Requirement: Begin with the line below holding "Medium priority alarms" and go on through the line holding "Let's look at", duplicating each line exactly and leaving out pictures.

Information:
══════════════════════════════
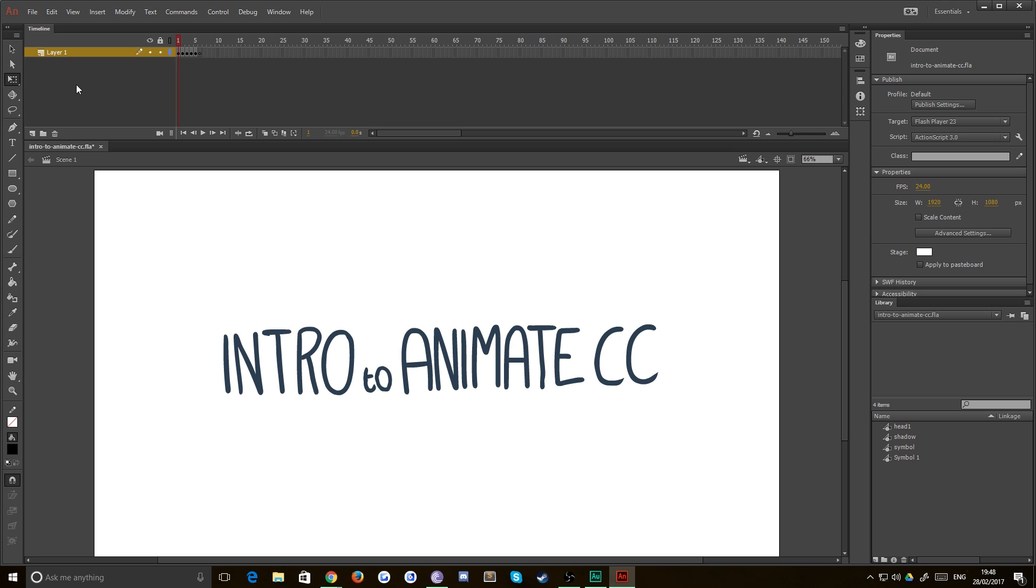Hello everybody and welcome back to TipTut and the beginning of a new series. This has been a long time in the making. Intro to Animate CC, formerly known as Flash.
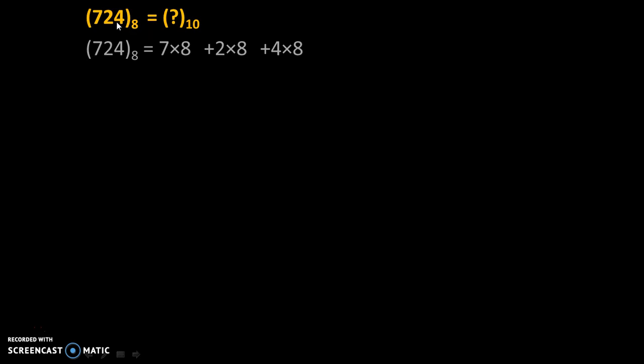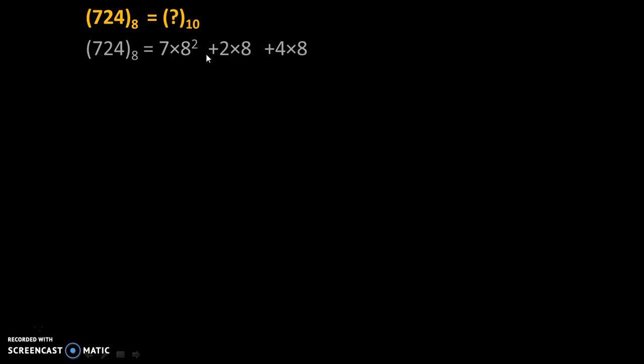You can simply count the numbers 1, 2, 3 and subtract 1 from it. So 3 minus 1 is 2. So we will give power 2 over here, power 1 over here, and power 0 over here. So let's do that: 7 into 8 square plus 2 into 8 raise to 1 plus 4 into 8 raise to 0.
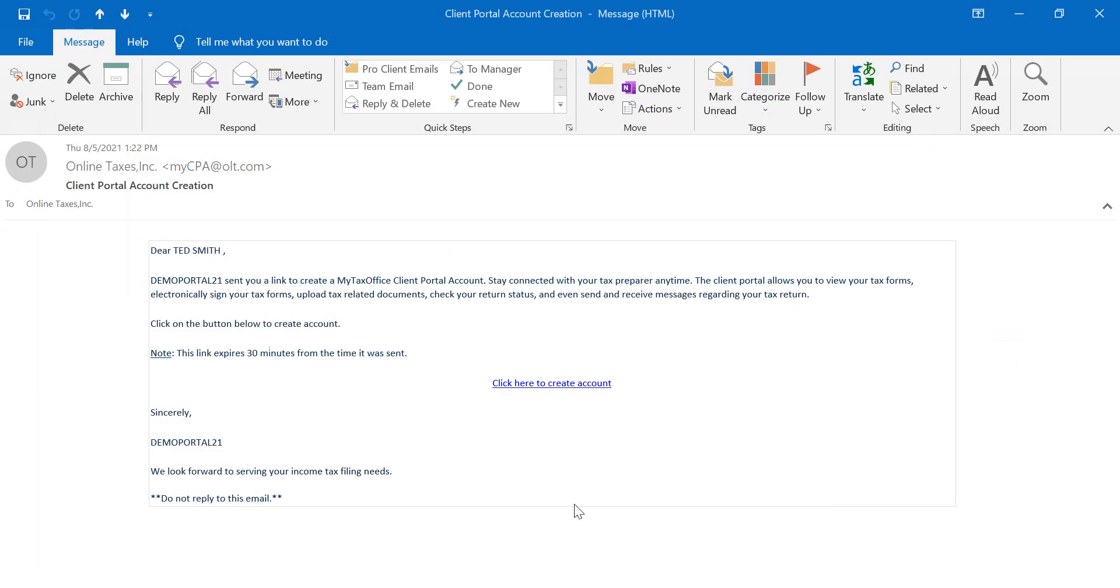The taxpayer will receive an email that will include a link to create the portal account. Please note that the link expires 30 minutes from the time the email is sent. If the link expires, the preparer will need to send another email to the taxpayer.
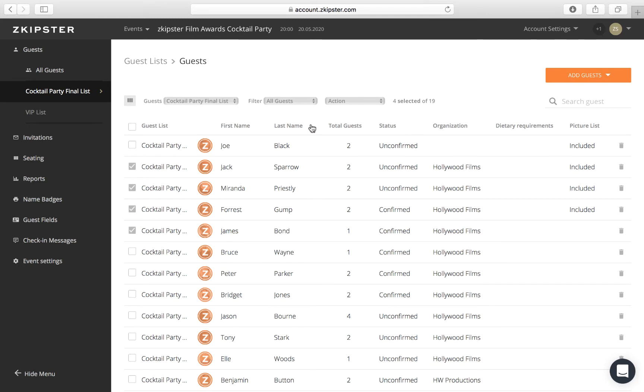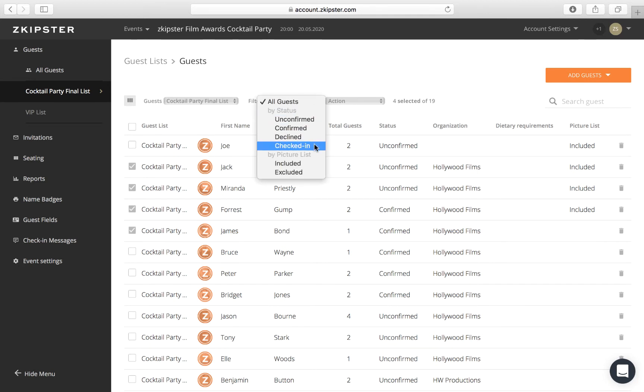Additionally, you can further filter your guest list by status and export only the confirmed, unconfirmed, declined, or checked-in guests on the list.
══════════════════════════════
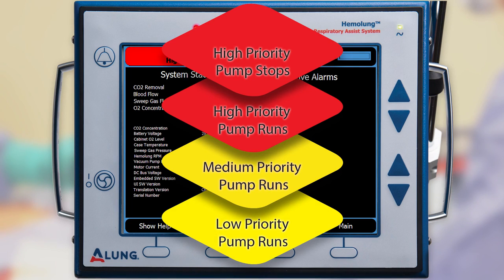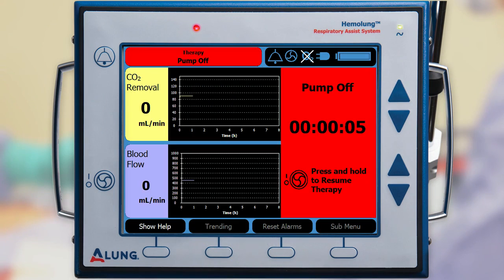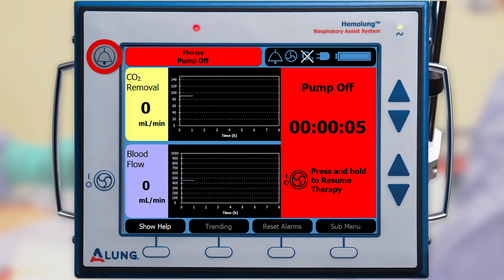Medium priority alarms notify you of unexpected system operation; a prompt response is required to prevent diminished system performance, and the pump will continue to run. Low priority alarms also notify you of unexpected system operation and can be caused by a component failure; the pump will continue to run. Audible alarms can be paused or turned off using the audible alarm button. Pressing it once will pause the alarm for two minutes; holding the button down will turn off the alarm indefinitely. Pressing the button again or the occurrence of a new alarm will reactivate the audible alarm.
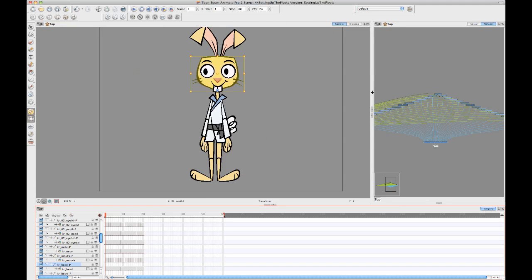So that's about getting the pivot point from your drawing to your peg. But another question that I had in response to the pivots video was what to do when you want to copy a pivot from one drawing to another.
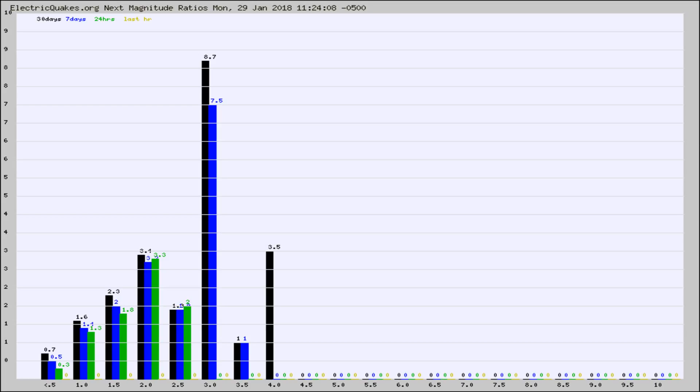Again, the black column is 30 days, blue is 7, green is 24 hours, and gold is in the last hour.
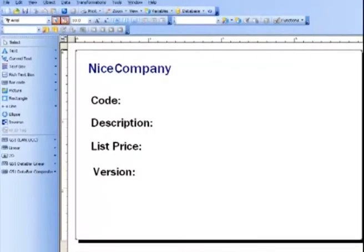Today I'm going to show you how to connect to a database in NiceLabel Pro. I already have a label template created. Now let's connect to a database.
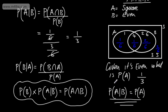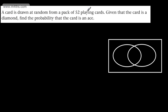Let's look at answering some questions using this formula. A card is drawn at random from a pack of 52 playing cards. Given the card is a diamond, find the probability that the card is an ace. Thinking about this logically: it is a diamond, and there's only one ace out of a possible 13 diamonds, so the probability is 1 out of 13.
══════════════════════════════
Solution for this exercise:
Medium priority alarms notify you of unexpected system operation; a prompt response is required to prevent diminished system performance, and the pump will continue to run. Low priority alarms also notify you of unexpected system operation and can be caused by a component failure; the pump will continue to run. Audible alarms can be paused or turned off using the audible alarm button. Pressing it once will pause the alarm for two minutes; holding the button down will turn off the alarm indefinitely. Pressing the button again or the occurrence of a new alarm will reactivate the audible alarm.
So that's about getting the pivot point from your drawing to your peg. But another question that I had in response to the pivots video was what to do when you want to copy a pivot from one drawing to another.
Again, the black column is 30 days, blue is 7, green is 24 hours, and gold is in the last hour.
Today I'm going to show you how to connect to a database in NiceLabel Pro. I already have a label template created. Now let's connect to a database.
Let's look at answering some questions using this formula. A card is drawn at random from a pack of 52 playing cards. Given the card is a diamond, find the probability that the card is an ace. Thinking about this logically: it is a diamond, and there's only one ace out of a possible 13 diamonds, so the probability is 1 out of 13.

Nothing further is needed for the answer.